Kendi kapısının önü kazılına dek, kendi çöpleri alınmaya dek, kendi yolu çamur olana dek ses etmez bizim millet. Başkasının çektiği rahatsızlık hiç umurunda olmaz, “neme lazım” der geçer bizim ahali. Hatta tam Kütahya ağzı ile "Neminûrum" denir.
Şu çevreyollarındaki kazalar ve buna bağlı olarak yaşanan ölümler, yaralanmalar ya da maddi hasarlar kendi başına gelirse anlayacak olan halkımız, bu konuya zerre denli önem vermiyor. Başka memlekette olsa eylem yaparlar, ses yükseltirler, dikkat çekmek için yolu trafiğe bile kapatırlar. Mesela bu çevre yolundaki kaza ölümleri Muğla’da olsa, Aydın’da olsa, İzmir’de olsa, Denizli’de hatta Afyonkarahisar’da olsa halk yollara dökülür, bu yolların sağlıklı bir geçişe sahip olması için elinden geleni yapar.
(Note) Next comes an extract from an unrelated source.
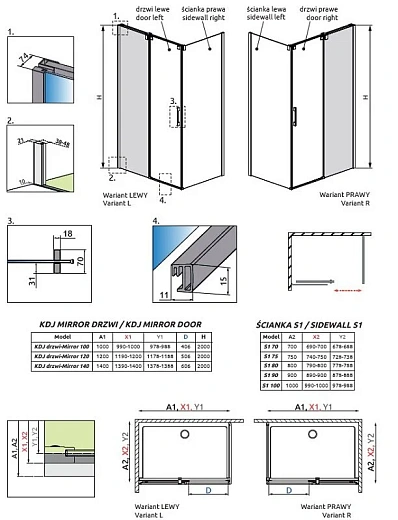 Неподвижная стенка Radaway Espera KDJ Mirror 550 L, 55 х 200 см, стекло прозрачное, профиль хром, левая, 380232-71L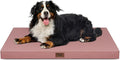 Tail Stories Outdoor Extra Large Dog Crate Bed, XXL Waterproof Dog Bed for Giant Breeds Dogs, 47x29 Inch Orthopedic Egg Crate Foam Pet Mat with Removable Cooling Cover, Pink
Bizde nasıl? Kocaman bir boşluk. Kendi ailesinden biri ölmedi ya da yaralanmadı. Kendi ailesinden biri hapse düşmedi. Hâl böyle olunca bu çevre yollarını sağlıklı bir şekle çevirmekle yükümlü olan yetkililer de durumun üzerine düşmüyorlar. Bir gazetecinin konunun üzerine gidiyor olması onları çok da etkilemiyor.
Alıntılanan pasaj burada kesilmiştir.